O Wunderground não lhe faz o downgrade para depressão tropical mesmo até chegar às nossas portas...  Talvez seja pelo facto de já ser pós-tropical e estar entre TD e TS.


----------



## AMFC (8 Out 2015 às 09:19)

Stu Ostro  Senior meteorologist leads the team of weather experts at TWC

JOAQUIN

After leaving a terrible legacy -- a disaster in the Bahamas, and contributing moisture to what happened in the southeast U.S. -- Joaquin, whose name presumably along with Erika will be retired, is in its final phase of being a tropical cyclone.

After vacillating between northwest and southwest Europe, models have at least for now trended to a track toward the latter, as a weaker and non-tropical system, but slowing and still with quite a bit of moisture.

And BTW what's going to be slowing it is, per the graphic, another one of these goofy patterns, including downstream of ex-Joaquin, which could result in extreme precipitation yet again in Italy & the Balkans & thereabouts ...


----------



## Vince (8 Out 2015 às 09:26)

@SpiderVV  O WU tem isso mal feito, não distingue entre tropical e extra-tropical, e como no último aviso do NHC se mantém acima dos 35kt, existe sempre uma zona algures na depressão com ventos acima disso, aparece sempre como TS
Mas 35kt numa depressão não tropical, por exemplo numa frente, não é nada de muito especial.
Nos Açores hoje é que ainda devem sentir o vento contínuo típico de um sistema tropical. 


INIT 08/0300Z 42.0N 37.0W 55 KT 65 MPH...POST-TROPICAL
12H 08/1200Z 42.5N 32.5W 50 KT 60 MPH...POST-TROP/EXTRATROP
24H 09/0000Z 42.8N 26.5W 45 KT 50 MPH...POST-TROP/EXTRATROP
36H 09/1200Z 42.5N 22.0W 40 KT 45 MPH...POST-TROP/EXTRATROP
48H 10/0000Z 42.5N 19.0W 35 KT 40 MPH...POST-TROP/EXTRATROP
72H 11/0000Z 42.0N 14.5W 35 KT 40 MPH...POST-TROP/EXTRATROP
96H 12/0000Z 40.5N 11.0W 35 KT 40 MPH...POST-TROP/EXTRATROP
120H 13/0000Z 39.0N 10.5W 35 KT 40 MPH...POST-TROP/EXTRATROP


----------



## Vince (8 Out 2015 às 09:36)

O NHC já deixou de acompanhar o sistema.

O último aviso:

POST-TROPICAL CYCLONE JOAQUIN ADVISORY NUMBER 42
NWS NATIONAL HURRICANE CENTER MIAMI FL AL112015
1100 PM AST WED OCT 07 2015

*...JOAQUIN HAS BECOME A POST-TROPICAL CYCLONE...
...THIS IS THE LAST ADVISORY...*


SUMMARY OF 1100 PM AST...0300 UTC...INFORMATION
-----------------------------------------------
LOCATION...42.0N 37.0W
ABOUT 595 MI...960 KM WNW OF THE AZORES
*MAXIMUM SUSTAINED WINDS...65 MPH...100 KM/H*
PRESENT MOVEMENT...E OR 80 DEGREES AT 35 MPH...56 KM/H
MINIMUM CENTRAL PRESSURE...977 MB...28.85 INCHES


WATCHES AND WARNINGS
--------------------
There are no coastal watches or warnings in effect.

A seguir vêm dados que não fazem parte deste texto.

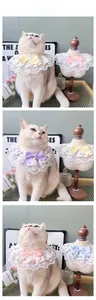 Detailed view of floral lace pet collars with bowknot on a white cat model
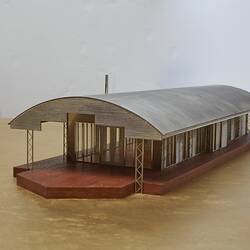 Model of a house with an arched roof, corrugated iron and wide expanses of glass.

DISCUSSION AND 48-HOUR OUTLOOK
------------------------------
At 1100 PM AST (0300 UTC), the center of Post-Tropical Cyclone
Joaquin was located near latitude 42.0 North, longitude 37.0 West.
The post-tropical cyclone is moving toward the east near 35 mph (56
km/h), and this general motion with a decrease in forward speed is
expected over the next couple of days.

Maximum sustained winds have decreased to near 65 mph (100 km/h)
with higher gusts. Additional weakening is forecast during the next
48 hours.

*Tropical storm force winds extend outward up to 310 miles (500 km)
from the center.*

The estimated minimum central pressure is 977 mb (28.85 inches).


HAZARDS AFFECTING LAND
----------------------
*WIND: Gale-force winds associated with the post-tropical cyclone
are expected to spread over portions of the Azores on Thursday.*

SURF: Swells generated by Joaquin will continue to affect Atlantic
Canada during the next day or so. Swells affecting much of the
eastern coast of the United States are now mostly associated with a
non-tropical area of low pressure over the western Atlantic, and
these swells are expected to continue for the next day or two.
Life-threatening surf and rip current conditions are likely in
association with these swells. Please consult products from your
local weather office.


NEXT ADVISORY
-------------
This is the last public advisory issued by the National Hurricane
Center on Joaquin. Future information on this system can be found
in High Seas Forecasts issued by the National Weather Service, under
AWIPS header NFDHSFAT1, WMO header FZNT01 KWBC, and available on the
Web at http://www.opc.ncep.noaa.gov/shtml/NFDHSFAT1.shtml, and in
high seas forecasts issued by Meteo France under WMO header FQNT50
LFPW and available on the web at
http://www.meteofrance.com/previsions-meteo-marine/bulletin.

$$
Forecaster Pasch


----------



## MSantos (8 Out 2015 às 09:53)

Como disse o Vince, o NHC lançou o seu ultimo aviso sobre o JOAQUIN. O sistema perdeu as suas características tropicais, deverá chegar ao Continente no fim-de-semana, depois de passar a Norte dos Açores.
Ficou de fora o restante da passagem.